El barón, que caminaba junto al príncipe Garran y su madre, no vio a su esposa; de haberlo hecho, se habría alarmado. Más tarde, mientras estaban precedentes en el primero de los diversos banquetes en honor del rey muerto, notó que lady Agnes parecía abstraída, pero de un modo placentero; su sonrisa era espontánea, y su comportamiento más tranquilo y sereno de lo que recordaba en mucho tiempo. «Sin duda —pensó—, está cansada por el viaje». Pero cuando ella le sonrió al verlo contemplándola desde su posición, junto al príncipe, él le devolvió la sonrisa y pensó para sus adentros que había hecho muy bien insistiendo en que viniera.

Al día siguiente se entregaron a los preparativos para la coronación del príncipe Garran, quien, como el barón había determinado hacía mucho tiempo, sucedería a su padre en el trono. Esta decisión fue rotundamente apoyada por las gentes de Eiwas, así que no hubo resistencia o dificultad alguna en lo concerniente a la sucesión y la coronación tuvo lugar en buen orden, con poca ceremonia pero mucha celebración por parte de aquellos que, tras haber enterrado al viejo rey, se habían quedado para dar la bienvenida al nuevo.

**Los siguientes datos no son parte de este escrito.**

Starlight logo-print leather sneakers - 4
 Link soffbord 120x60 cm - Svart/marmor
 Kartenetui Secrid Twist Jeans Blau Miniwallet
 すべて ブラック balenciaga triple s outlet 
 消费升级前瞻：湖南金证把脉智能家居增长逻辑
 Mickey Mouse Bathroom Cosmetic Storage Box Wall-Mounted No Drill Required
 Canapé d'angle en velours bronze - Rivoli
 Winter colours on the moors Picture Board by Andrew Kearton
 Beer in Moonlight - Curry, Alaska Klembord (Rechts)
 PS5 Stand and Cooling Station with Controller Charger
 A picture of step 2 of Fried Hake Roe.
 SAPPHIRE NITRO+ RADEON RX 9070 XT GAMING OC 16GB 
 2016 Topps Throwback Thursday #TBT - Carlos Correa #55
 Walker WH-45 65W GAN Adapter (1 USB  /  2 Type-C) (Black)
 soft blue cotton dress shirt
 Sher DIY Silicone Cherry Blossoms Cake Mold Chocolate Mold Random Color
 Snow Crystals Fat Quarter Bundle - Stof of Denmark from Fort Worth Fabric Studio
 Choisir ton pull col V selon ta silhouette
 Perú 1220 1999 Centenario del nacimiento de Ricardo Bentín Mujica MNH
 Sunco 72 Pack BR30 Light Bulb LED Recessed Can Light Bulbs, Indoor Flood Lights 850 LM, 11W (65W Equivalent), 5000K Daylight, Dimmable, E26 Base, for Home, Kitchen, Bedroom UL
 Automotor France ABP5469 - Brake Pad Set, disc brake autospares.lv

Cuando el barón De Neufmarché y su esposa se despidieron del rey Garran dos días después, insistieron para que el nuevo monarca fuera a visitarlos a Hereford.

—Venid por San Miguel —dijo el barón, con un tono suavemente insistente—. Celebraremos una fiesta en vuestro honor y hablaremos de nuestro futuro juntos. —Como si se le acabara de ocurrir, añadió—: ¿Sabéis?, creo que a mi hija le gustaría conoceros mejor. Aún no habéis conocido a Sybil, ¿verdad? —El joven rey negó con la cabeza—. ¿No? Entonces, ya está arreglado.

—Debéis venir —añadió la baronesa, estrechando su mano mientras avanzaba hacia el carruaje—. Y traed a vuestra madre. Prometed que la traeréis. Enviaré un carruaje para que viaje más cómodamente.

—Milady —respondió el rey recién coronado, incapaz de llevar la contraria a la esposa de su señor—. Será un placer visitaros por San Miguel.

Más tarde, mientras el carruaje ascendía la primera de las muchas colinas que ocultaban el caer, lady Agnes dijo:

—¿El rey Garran y nuestra Sybil? No me lo habíais mencionado.

—Ah, umm… —El barón titubeó, no muy seguro de cómo proceder ahora que su improvisado plan había quedado revelado—. Quería hablaros de ello, pero ah, bien, la idea se me ocurrió apenas hace un día o dos y no tuve tiempo para…

—Me gusta —le dijo, cortando en seco sus vacilantes explicaciones.

La contempló como si no pudiera creer lo que acaba de oír.

—¿Aprobáis esta unión? —preguntó Bernard, gratamente sorprendido ante el cambio de humor, ordinariamente agrio, de su esposa.

—Harían una buena pareja —afirmó—. Y sería bueno para ambos, creo. Sí, lo apruebo. Hablaré con Sybil a nuestro regreso. Cuidad de que la promesa de Garran sea firme.

—Así lo haré —asintió el barón, aún contemplando a su mujer con cierta incredulidad—. ¿Os sentís bien, amor mío?

—Mejor que nunca —declaró. Permaneció en silencio durante unos momentos, murmurando para sus adentros, y finalmente anunció—: Creo que una boda en Navidad sería algo espléndido. Me dará tiempo para hacer todos los preparativos necesarios.

El barón De Neufmarché, incapaz de decir nada ante la extraordinaria transformación de la mujer que había conocido durante todos estos años, sencillamente la contempló admirado.